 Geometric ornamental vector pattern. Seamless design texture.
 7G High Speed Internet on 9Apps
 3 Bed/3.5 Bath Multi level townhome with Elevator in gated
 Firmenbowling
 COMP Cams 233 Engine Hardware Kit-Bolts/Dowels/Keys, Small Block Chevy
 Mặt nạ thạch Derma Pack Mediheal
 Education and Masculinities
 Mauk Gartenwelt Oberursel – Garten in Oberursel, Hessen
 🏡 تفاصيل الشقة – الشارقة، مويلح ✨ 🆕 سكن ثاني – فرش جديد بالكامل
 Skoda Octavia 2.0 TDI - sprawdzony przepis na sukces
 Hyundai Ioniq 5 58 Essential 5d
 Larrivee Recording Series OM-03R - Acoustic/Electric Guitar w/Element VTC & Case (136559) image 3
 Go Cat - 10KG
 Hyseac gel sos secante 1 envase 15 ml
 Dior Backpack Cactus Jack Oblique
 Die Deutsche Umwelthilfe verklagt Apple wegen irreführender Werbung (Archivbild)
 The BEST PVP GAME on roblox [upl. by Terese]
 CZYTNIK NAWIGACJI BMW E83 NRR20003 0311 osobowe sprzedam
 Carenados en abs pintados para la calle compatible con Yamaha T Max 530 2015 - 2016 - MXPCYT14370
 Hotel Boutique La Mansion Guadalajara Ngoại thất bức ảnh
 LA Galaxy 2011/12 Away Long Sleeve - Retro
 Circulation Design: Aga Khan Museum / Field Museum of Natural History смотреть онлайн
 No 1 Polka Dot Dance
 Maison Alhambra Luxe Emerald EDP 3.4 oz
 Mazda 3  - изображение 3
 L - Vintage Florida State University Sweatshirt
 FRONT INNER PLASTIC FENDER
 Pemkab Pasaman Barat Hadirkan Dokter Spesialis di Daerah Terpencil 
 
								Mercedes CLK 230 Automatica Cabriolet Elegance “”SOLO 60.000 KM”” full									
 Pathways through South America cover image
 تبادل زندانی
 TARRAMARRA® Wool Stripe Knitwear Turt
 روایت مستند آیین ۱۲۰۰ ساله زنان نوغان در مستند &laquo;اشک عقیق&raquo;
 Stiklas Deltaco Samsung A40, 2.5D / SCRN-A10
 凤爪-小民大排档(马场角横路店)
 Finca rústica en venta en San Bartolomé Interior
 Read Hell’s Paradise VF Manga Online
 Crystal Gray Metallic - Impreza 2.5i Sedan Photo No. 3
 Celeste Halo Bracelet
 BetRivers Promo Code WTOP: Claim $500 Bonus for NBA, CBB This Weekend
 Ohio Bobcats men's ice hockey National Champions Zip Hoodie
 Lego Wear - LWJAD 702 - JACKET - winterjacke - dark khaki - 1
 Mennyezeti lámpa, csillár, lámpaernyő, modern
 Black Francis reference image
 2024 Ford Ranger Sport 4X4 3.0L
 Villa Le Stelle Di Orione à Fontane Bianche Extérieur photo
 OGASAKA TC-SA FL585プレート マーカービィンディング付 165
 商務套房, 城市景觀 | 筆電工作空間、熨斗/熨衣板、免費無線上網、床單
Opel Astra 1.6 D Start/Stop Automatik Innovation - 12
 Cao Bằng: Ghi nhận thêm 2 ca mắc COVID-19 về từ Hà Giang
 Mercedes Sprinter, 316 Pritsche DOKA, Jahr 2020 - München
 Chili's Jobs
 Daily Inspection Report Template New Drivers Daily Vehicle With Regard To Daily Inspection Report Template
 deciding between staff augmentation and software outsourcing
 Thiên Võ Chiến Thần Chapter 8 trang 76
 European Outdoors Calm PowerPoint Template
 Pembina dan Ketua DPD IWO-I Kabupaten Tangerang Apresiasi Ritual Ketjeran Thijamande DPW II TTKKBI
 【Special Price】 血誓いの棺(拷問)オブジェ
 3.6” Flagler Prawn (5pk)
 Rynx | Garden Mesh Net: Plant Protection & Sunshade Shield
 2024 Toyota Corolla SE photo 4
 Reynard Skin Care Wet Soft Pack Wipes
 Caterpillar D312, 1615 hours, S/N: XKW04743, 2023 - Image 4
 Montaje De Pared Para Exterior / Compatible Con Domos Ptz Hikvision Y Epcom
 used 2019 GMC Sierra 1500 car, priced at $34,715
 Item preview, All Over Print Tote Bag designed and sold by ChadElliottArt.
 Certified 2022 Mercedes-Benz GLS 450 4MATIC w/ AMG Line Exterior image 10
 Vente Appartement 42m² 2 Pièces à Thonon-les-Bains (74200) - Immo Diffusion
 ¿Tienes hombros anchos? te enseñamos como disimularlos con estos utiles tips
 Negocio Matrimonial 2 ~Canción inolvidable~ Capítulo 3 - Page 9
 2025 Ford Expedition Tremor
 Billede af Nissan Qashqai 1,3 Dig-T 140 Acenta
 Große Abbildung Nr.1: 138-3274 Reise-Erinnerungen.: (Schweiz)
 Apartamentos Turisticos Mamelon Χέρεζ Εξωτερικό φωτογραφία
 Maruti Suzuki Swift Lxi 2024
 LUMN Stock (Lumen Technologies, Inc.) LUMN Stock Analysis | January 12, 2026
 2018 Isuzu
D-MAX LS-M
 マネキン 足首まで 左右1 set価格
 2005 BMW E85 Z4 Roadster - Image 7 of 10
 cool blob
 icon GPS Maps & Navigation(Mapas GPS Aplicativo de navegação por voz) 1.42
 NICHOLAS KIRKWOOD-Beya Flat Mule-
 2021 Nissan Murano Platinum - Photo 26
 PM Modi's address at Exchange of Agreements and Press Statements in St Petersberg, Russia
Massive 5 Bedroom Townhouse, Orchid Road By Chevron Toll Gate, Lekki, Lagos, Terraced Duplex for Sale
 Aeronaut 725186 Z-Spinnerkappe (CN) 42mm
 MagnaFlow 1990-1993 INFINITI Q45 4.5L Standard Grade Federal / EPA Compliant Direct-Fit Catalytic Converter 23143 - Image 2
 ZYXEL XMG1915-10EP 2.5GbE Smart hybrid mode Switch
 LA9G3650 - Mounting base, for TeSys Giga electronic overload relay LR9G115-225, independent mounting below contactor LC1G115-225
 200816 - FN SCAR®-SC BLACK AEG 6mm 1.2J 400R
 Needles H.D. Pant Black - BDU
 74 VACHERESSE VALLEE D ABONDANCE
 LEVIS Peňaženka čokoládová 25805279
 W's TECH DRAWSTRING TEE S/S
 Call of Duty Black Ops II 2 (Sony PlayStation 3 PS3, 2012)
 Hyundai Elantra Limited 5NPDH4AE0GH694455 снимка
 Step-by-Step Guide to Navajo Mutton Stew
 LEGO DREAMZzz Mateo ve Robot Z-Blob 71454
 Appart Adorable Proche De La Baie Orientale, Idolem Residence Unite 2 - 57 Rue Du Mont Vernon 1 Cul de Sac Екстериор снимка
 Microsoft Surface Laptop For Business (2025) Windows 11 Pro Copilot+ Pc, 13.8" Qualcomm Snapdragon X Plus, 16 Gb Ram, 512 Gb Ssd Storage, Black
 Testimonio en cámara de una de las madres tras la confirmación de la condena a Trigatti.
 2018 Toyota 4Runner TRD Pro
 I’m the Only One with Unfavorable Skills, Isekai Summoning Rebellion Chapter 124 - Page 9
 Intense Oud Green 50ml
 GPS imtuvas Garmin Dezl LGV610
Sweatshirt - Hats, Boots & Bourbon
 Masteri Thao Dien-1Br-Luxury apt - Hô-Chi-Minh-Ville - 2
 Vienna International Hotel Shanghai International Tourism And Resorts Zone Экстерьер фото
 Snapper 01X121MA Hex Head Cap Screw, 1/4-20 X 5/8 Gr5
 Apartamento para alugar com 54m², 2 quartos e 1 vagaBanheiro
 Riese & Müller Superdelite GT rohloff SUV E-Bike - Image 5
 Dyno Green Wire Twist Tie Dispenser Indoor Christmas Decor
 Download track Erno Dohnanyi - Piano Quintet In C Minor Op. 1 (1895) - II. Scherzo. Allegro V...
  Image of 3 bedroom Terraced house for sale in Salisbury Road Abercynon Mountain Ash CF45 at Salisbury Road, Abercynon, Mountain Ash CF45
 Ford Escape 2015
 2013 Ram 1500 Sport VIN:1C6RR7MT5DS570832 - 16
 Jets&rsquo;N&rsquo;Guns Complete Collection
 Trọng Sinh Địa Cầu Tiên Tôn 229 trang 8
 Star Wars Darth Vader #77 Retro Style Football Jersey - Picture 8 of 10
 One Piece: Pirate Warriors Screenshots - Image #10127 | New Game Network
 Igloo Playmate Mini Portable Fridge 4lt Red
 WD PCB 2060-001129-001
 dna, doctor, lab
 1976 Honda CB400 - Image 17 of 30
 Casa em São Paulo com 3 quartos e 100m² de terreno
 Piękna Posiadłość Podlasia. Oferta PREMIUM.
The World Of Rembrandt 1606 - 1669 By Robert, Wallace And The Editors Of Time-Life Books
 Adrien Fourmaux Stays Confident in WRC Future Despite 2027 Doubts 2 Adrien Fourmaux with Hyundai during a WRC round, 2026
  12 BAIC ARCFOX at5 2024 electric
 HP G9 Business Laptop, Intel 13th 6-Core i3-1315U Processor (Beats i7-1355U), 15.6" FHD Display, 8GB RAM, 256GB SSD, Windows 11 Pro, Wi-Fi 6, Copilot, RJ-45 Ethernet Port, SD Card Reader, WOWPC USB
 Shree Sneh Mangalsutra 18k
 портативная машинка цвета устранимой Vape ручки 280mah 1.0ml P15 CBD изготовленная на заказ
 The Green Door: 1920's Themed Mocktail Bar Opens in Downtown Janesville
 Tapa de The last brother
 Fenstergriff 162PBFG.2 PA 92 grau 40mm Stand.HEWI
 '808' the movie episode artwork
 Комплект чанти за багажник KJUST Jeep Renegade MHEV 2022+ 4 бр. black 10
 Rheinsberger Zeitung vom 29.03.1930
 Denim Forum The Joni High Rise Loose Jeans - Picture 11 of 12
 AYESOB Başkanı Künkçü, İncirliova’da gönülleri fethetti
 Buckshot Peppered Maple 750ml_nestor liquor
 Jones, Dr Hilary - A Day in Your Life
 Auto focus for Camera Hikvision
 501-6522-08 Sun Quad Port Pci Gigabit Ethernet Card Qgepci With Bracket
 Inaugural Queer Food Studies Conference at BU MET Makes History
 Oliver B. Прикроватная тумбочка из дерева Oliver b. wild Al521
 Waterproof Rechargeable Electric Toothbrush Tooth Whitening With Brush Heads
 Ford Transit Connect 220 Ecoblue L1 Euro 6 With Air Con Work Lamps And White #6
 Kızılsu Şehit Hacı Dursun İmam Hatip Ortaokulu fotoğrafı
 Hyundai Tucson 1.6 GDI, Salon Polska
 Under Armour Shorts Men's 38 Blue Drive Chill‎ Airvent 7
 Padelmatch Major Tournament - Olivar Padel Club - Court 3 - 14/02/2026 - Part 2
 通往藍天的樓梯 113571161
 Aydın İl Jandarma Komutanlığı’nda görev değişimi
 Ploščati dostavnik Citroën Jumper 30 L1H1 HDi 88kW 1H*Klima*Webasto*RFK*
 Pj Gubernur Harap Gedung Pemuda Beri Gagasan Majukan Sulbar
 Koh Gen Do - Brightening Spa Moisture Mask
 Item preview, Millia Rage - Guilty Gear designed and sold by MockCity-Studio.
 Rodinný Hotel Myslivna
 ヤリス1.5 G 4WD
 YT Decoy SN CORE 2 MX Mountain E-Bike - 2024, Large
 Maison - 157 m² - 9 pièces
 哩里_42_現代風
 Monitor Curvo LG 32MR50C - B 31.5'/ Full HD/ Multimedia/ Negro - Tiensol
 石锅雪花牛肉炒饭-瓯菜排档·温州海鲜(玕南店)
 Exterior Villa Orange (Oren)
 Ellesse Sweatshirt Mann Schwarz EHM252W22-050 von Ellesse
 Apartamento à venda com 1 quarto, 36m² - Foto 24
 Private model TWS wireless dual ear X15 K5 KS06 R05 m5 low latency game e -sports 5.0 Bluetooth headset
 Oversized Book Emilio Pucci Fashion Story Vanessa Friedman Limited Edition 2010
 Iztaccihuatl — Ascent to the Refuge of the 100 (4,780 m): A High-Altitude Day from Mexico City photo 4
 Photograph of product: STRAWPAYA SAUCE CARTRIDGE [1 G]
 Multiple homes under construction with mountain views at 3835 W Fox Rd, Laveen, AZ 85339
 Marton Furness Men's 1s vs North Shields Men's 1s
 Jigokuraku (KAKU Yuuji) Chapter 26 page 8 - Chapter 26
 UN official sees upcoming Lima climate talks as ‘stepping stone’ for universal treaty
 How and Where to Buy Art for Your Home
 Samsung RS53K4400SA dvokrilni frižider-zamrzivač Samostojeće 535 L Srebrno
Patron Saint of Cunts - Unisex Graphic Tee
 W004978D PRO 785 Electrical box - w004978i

^^^^^^^^

_ASSIGNMENT_
Repeat, exactly as they stand above, the lines from the line with "Montaje De Pared" to the line with "Certified 2022 Mercedes-Benz", both lines included.

_REPLY_
 Montaje De Pared Para Exterior / Compatible Con Domos Ptz Hikvision Y Epcom
 used 2019 GMC Sierra 1500 car, priced at $34,715
 Item preview, All Over Print Tote Bag designed and sold by ChadElliottArt.
 Certified 2022 Mercedes-Benz GLS 450 4MATIC w/ AMG Line Exterior image 10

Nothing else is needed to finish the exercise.